**TASK DIRECTIONS:**
The records below are to be reproduced exactly, with the pictures left out.

**SUPPLIED DATA:**
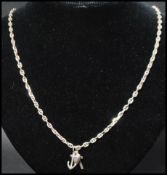 A hallmarked 925 marine chain pendant necklace strung with Faith Hope Charity pendant charms.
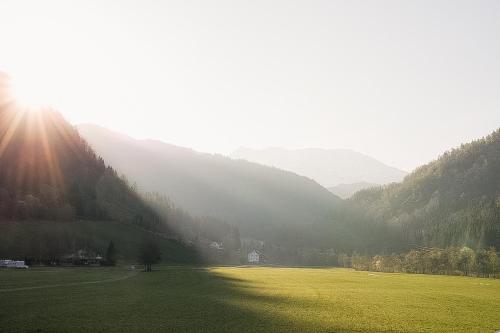 a green field with the sun shining on a mountain at Trolltunga/Folgefonna Camp house in Jondal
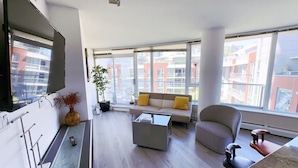 A modern living room with a sofa, coffee table, and a TV mounted on the wall. - Downtown Vancouver Condo, Pool, Gym, Skytrain (Vancouver)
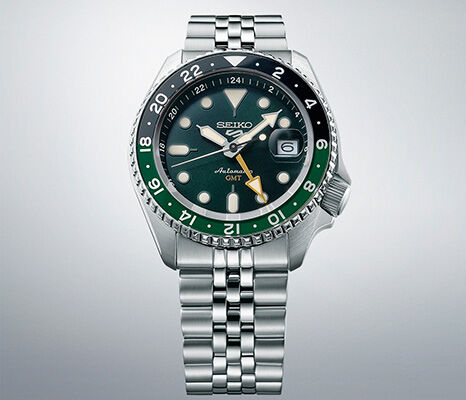 Seiko 5 Sports GMT automatic watch with green and black bezel, jubilee bracelet and 24-hour time display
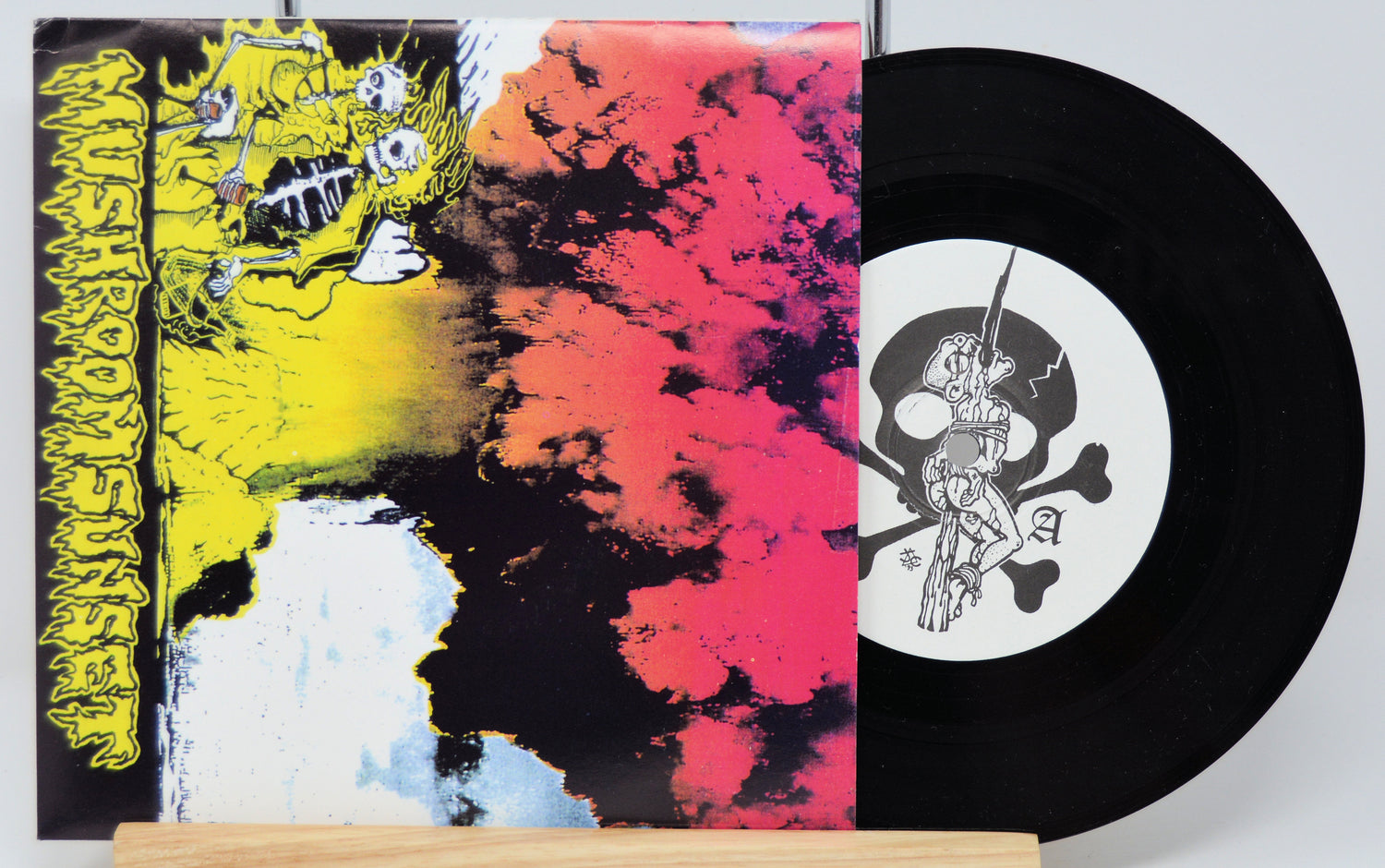 Used vinyl record of The Aborted - Mushroom Sunset with a colorful abstract design on the cover.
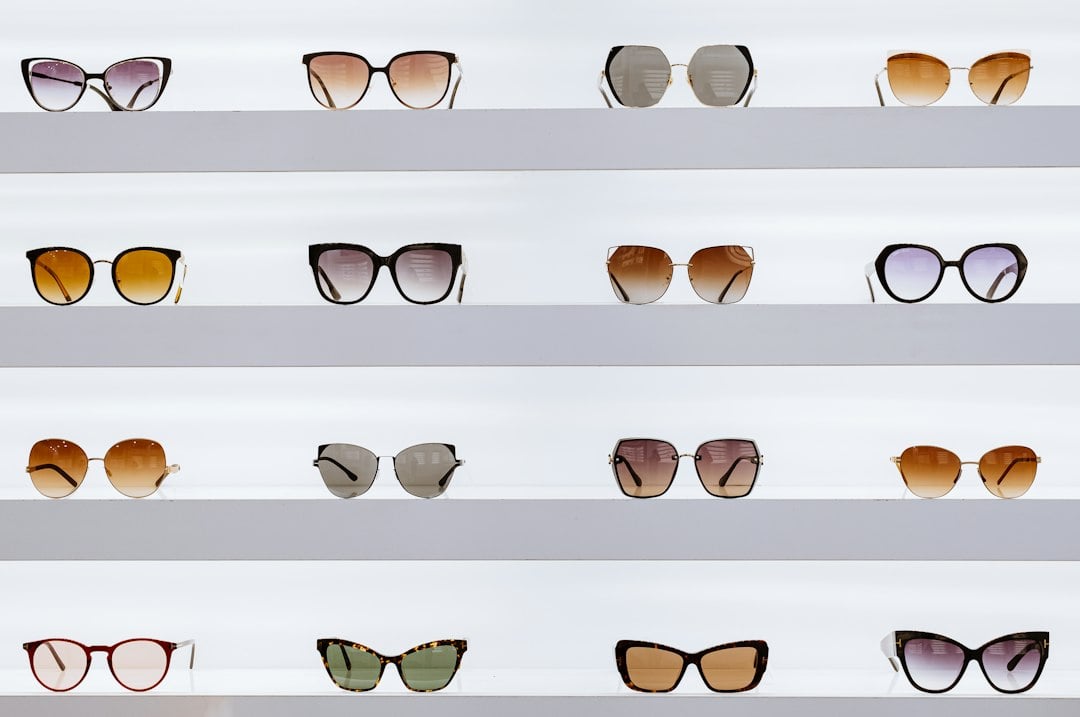 Rows of assorted sunglasses displayed on white retail shelves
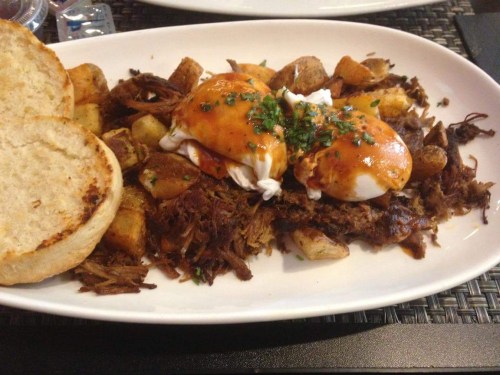 A plate of pulled beef with poached eggs, seasoned potatoes, and a toasted bun, garnished with herbs.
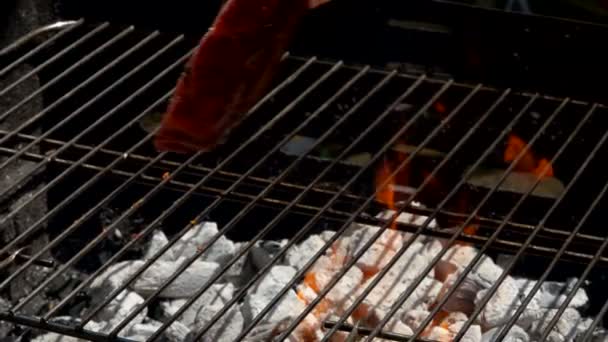 Bucătarul pune friptură folosind tongs pe grătar — Videoclip de stoc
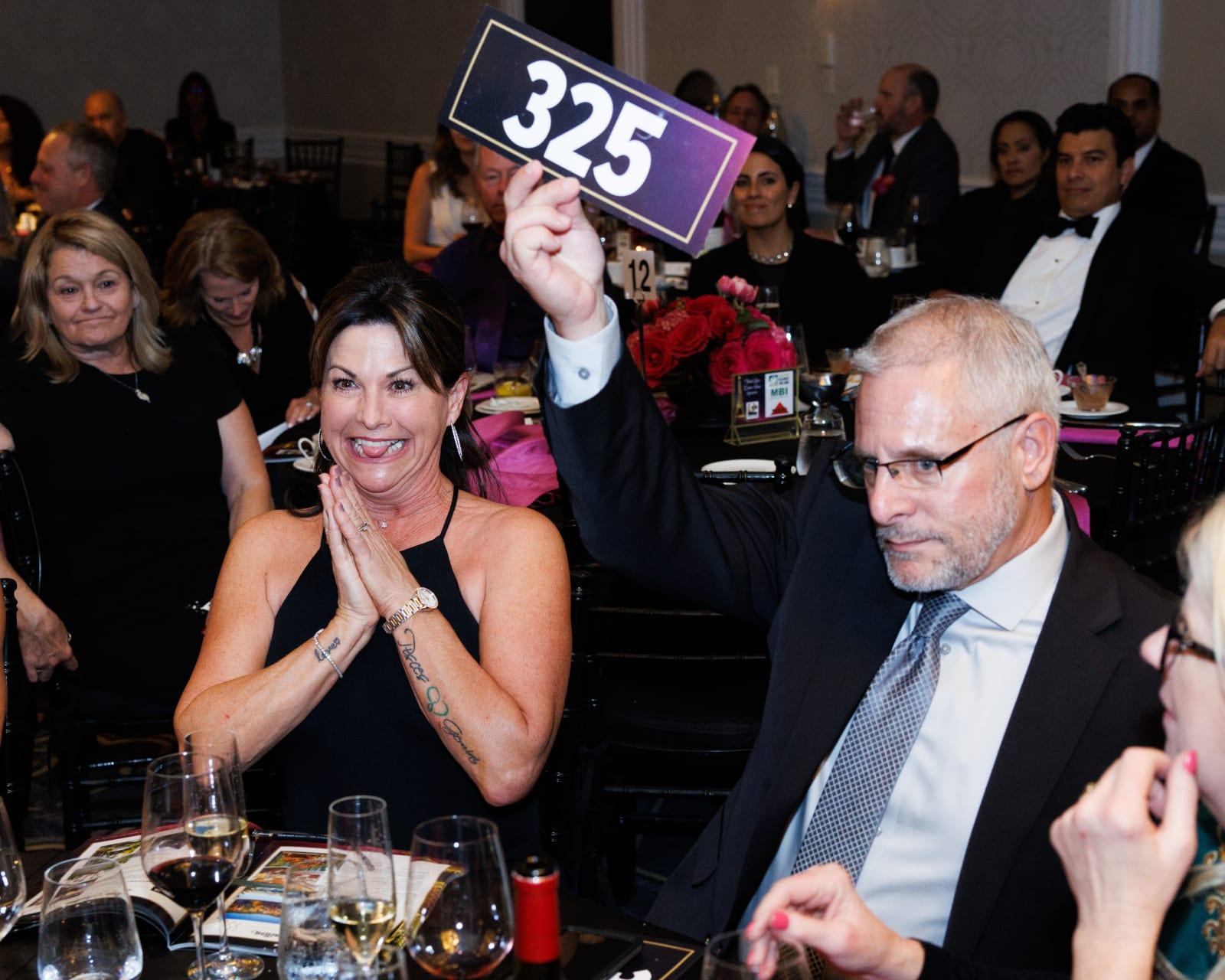 A woman claps excitedly beside a bidder raising paddle #325 high above the table, framed by pink and red floral centerpieces, during live bidding at the 2023 UCON Advocacy Auction.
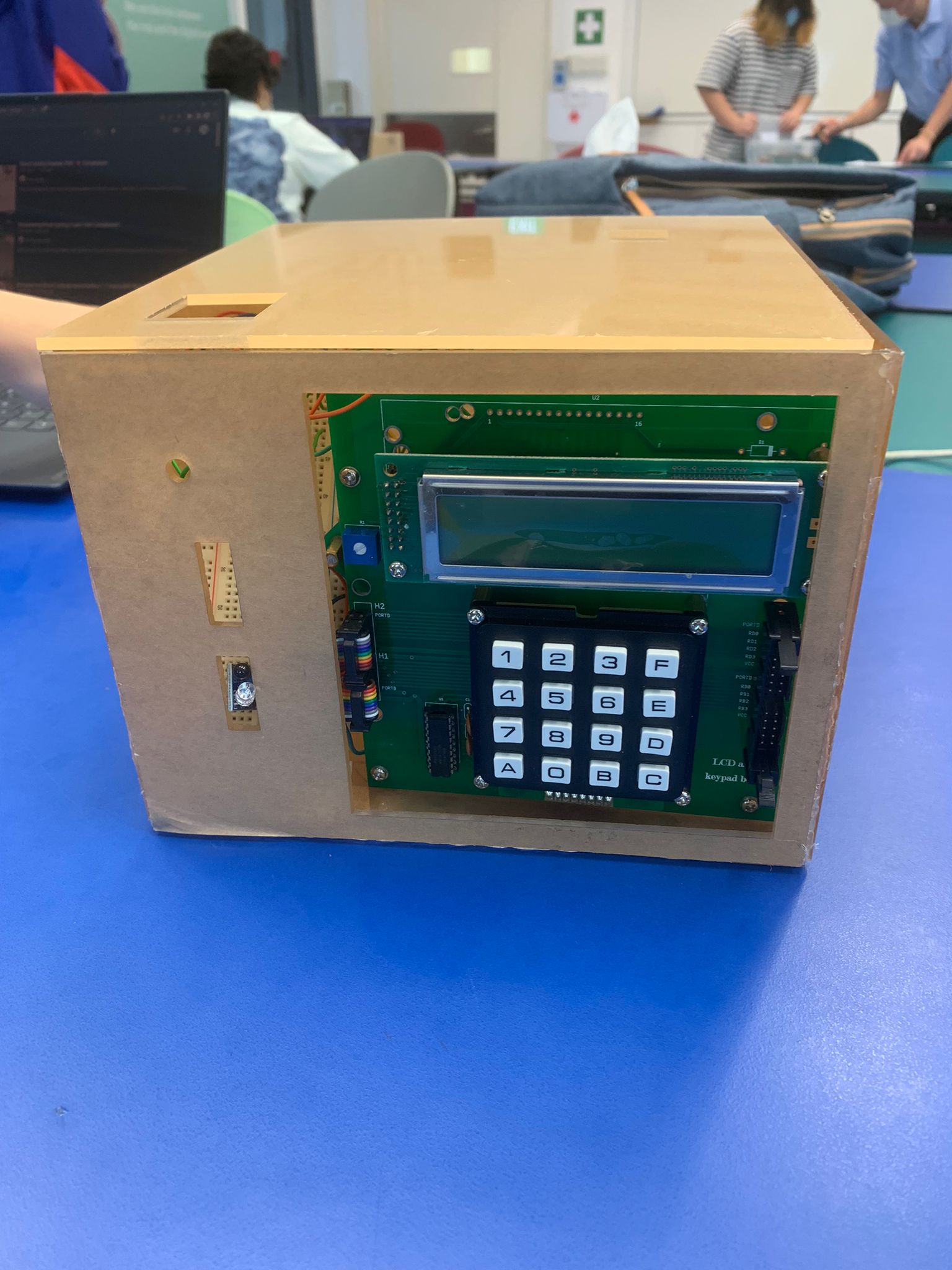 Smart Sleep Inducer prototype mounted in an MDF enclosure showing the 20×4 LCD display and 4×4 keypad on the front panel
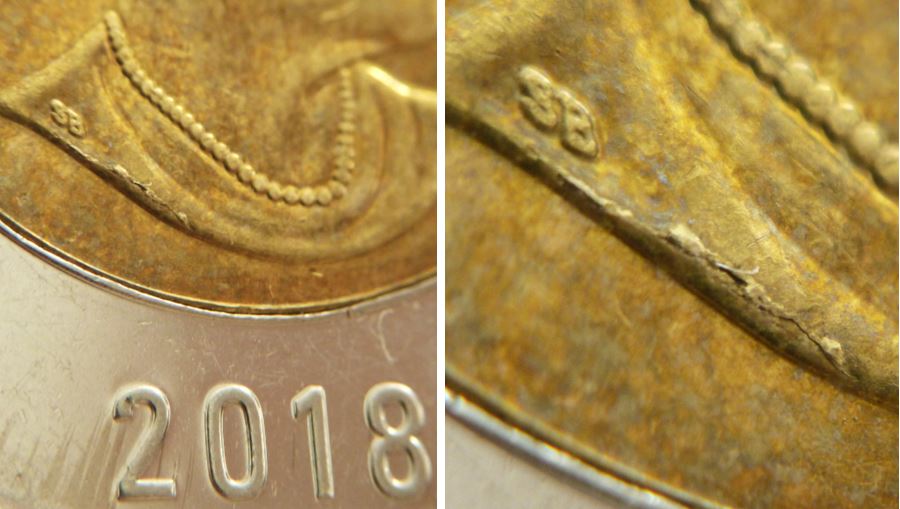 2 Dollars 2018-Coin fendille à la base de effigie-1.JPG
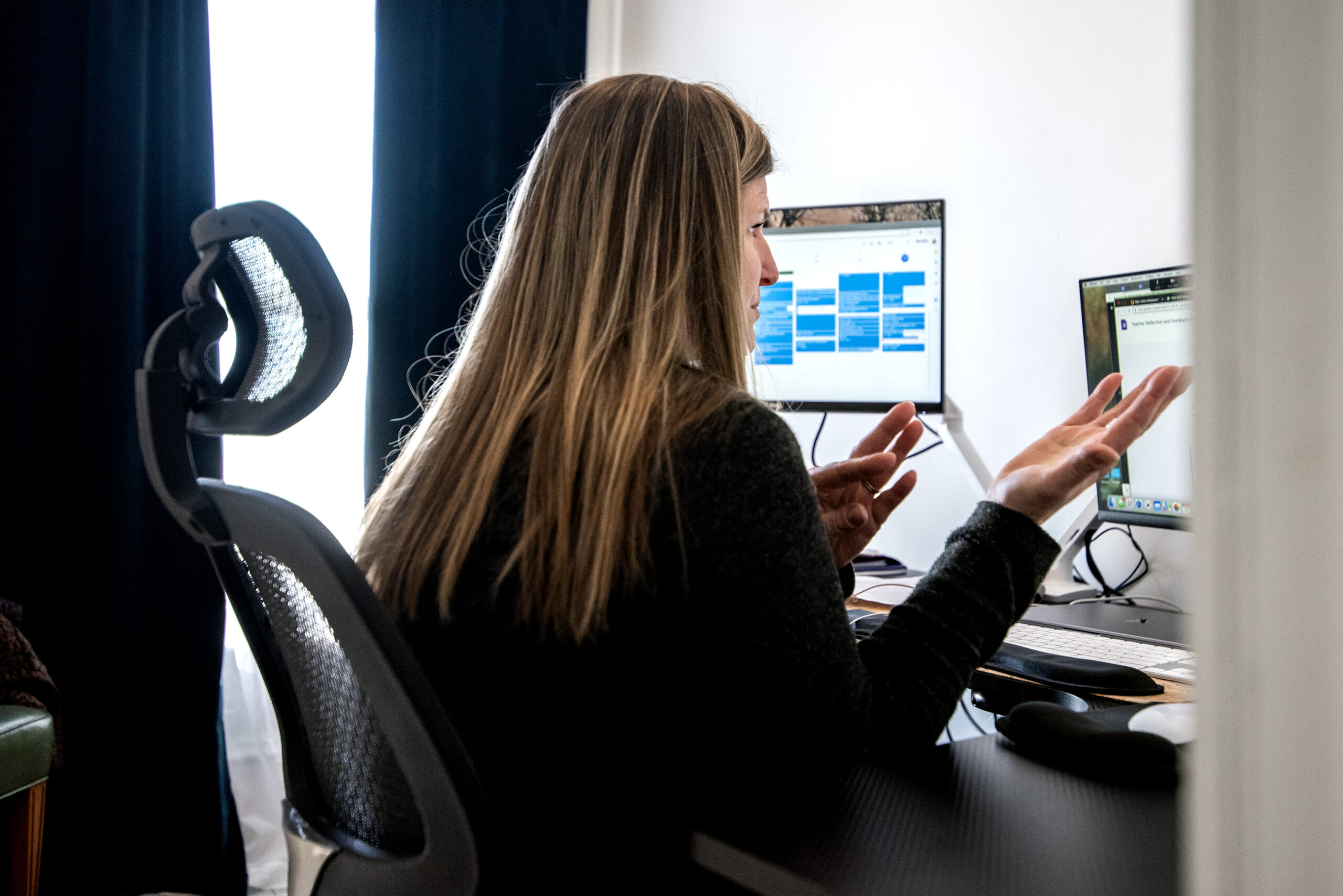 A woman is seen gesturing at a desk during a virtual meeting.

**ANSWER SPACE:**
 A hallmarked 925 marine chain pendant necklace strung with Faith Hope Charity pendant charms.
 a green field with the sun shining on a mountain at Trolltunga/Folgefonna Camp house in Jondal
 A modern living room with a sofa, coffee table, and a TV mounted on the wall. - Downtown Vancouver Condo, Pool, Gym, Skytrain (Vancouver)
 Seiko 5 Sports GMT automatic watch with green and black bezel, jubilee bracelet and 24-hour time display
 Used vinyl record of The Aborted - Mushroom Sunset with a colorful abstract design on the cover.
 Rows of assorted sunglasses displayed on white retail shelves
 A plate of pulled beef with poached eggs, seasoned potatoes, and a toasted bun, garnished with herbs.
 Bucătarul pune friptură folosind tongs pe grătar — Videoclip de stoc
 A woman claps excitedly beside a bidder raising paddle #325 high above the table, framed by pink and red floral centerpieces, during live bidding at the 2023 UCON Advocacy Auction.
 Smart Sleep Inducer prototype mounted in an MDF enclosure showing the 20×4 LCD display and 4×4 keypad on the front panel
 2 Dollars 2018-Coin fendille à la base de effigie-1.JPG
 A woman is seen gesturing at a desk during a virtual meeting.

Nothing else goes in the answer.